Users depends on locale know what locale is and how to configure it. They can understand difference between locale mode and UTF-8 mode and they can opt-out UTF-8 mode. But many people lives in "UTF-8 everywhere" world, and don't know about locale.
I find all this very strange from someone with what looks like a Japanese name. I see mojibake and non-Unicode encodings around me all the time. Caveat: I teach at a University that prides itself on being the most international of Japanese national universities, so in my daily work I see Japanese in 4 different encodings (5 if you count the UTF-16 used internally by MS Office), Chinese in 3 different (claimed) encodings, and occasionally Russian in at least two encodings, ..., uh, I could go on but won't. In any case, the biggest problems are legacy email programs and busted websites in Japanese, plus email that is labeled "GB2312" but actually conforms to GBK (and this is a reply in Japanese to a Chinese applicant writing in Japanese encoded as GBK). Since I work on tech company, and use Linux for most only "server-side" program, I don't live such a situation.

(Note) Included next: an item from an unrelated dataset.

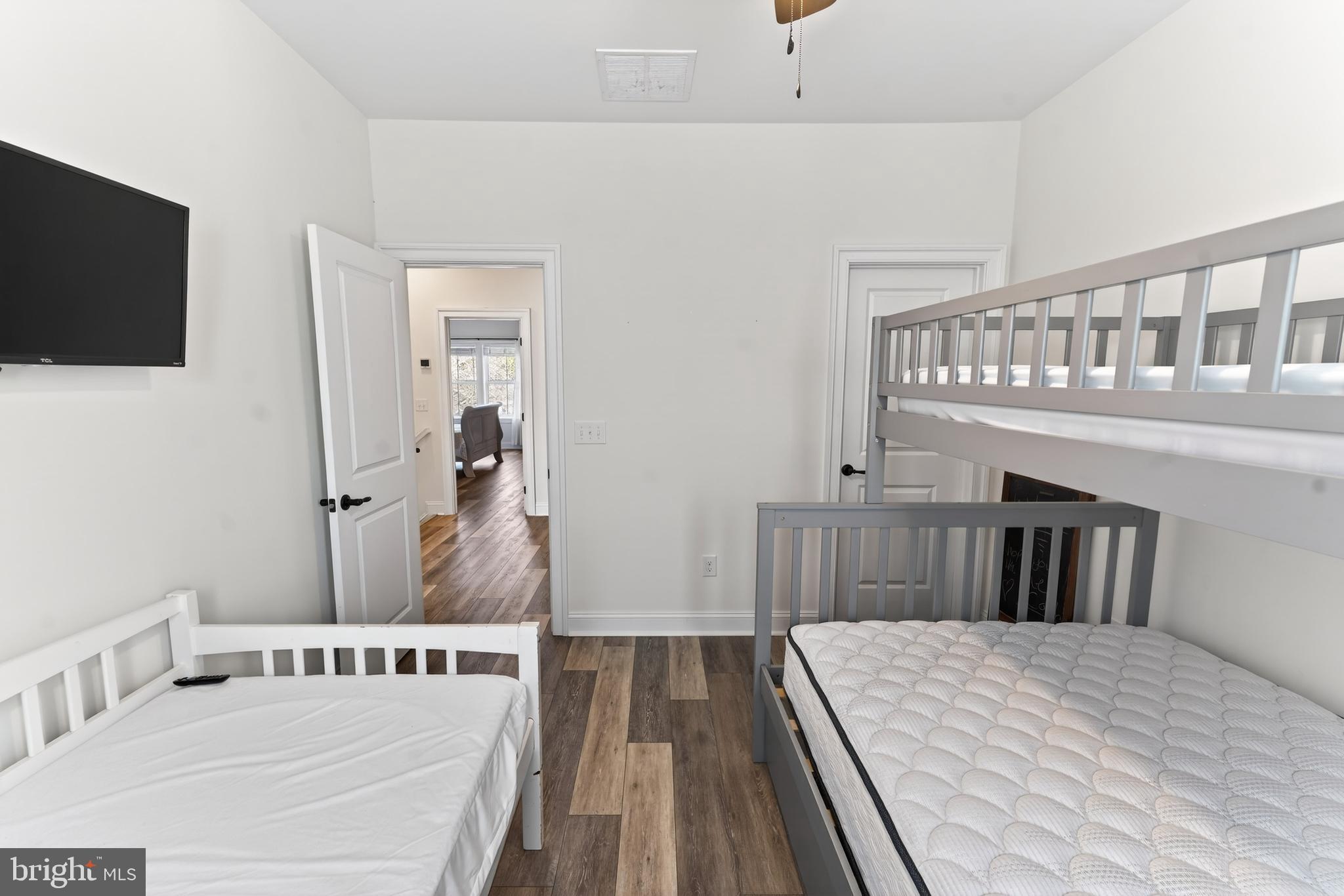 BETHANY GRAND - Residential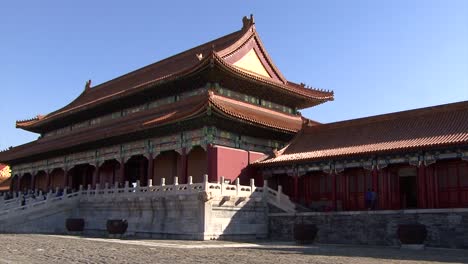 Tourists-visiting-The-Forbidden-City,-Beijing,-China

But when I see non UTF-8 text, I don't change locale to read such text. (Actually speaking, locale doesn't solve mojibake because it doesn't change my terminal emulator's encoding). And I don't change my terminal emulator setting only for read such a text. What I do is convert it to UTF-8 through command like `view text-from-windows.txt ++enc=cp932`
So there are no problem when Python always use UTF-8 for fsencoding and stdio encoding.

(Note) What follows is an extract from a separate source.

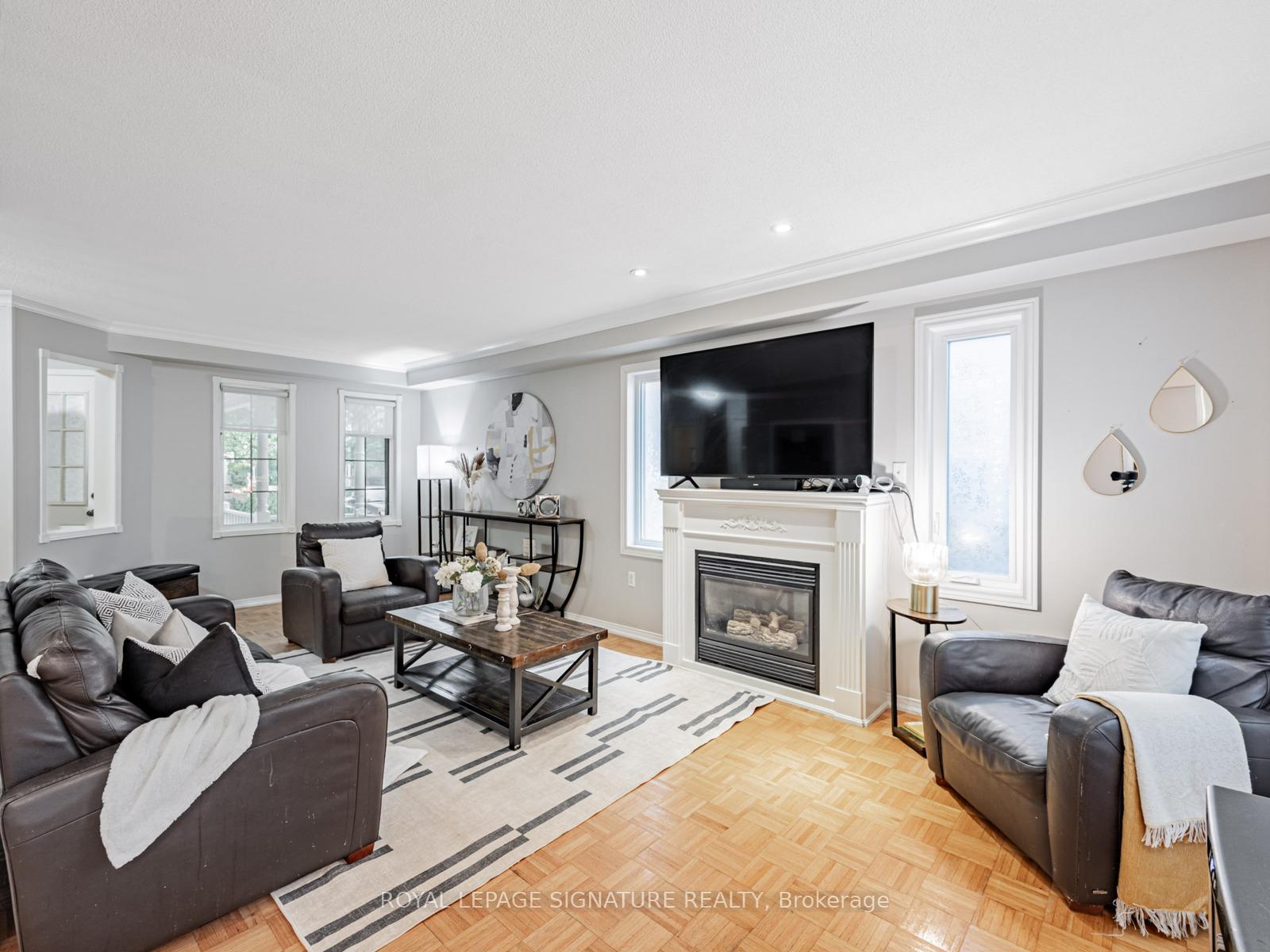 Photo 11 of 7 Knox Crescent, Whitby, Brooklin — HOMEH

I agree that people around me mostly know only two encodings: "works for me" and "mojibake", but they also use locales configured for them by technical staff. On top of that, international students (the most likely victims of "UTF-8 by default" because students are the biggest Python users) typically have non-Japanese locales set on their imported computers. Hmm, Which OS do they use? There are no problem in macOS and Windows. Do they use Linux with locale with encoding other than UTF-8, and their terminal emulator uses non-UTF-8 encoding?
As my feeling, UTF-8 start dominating from about 10 years ago, and ja_JP.EUC_JP (it was most common locale for Japanese befoer UTF-8) is complete legacy.
There is only one machine (which is in LAN, lives from 10+ years ago, /usr/bin/python is Python 1.5!), I can ssh which has ja_JP.eucjp locale.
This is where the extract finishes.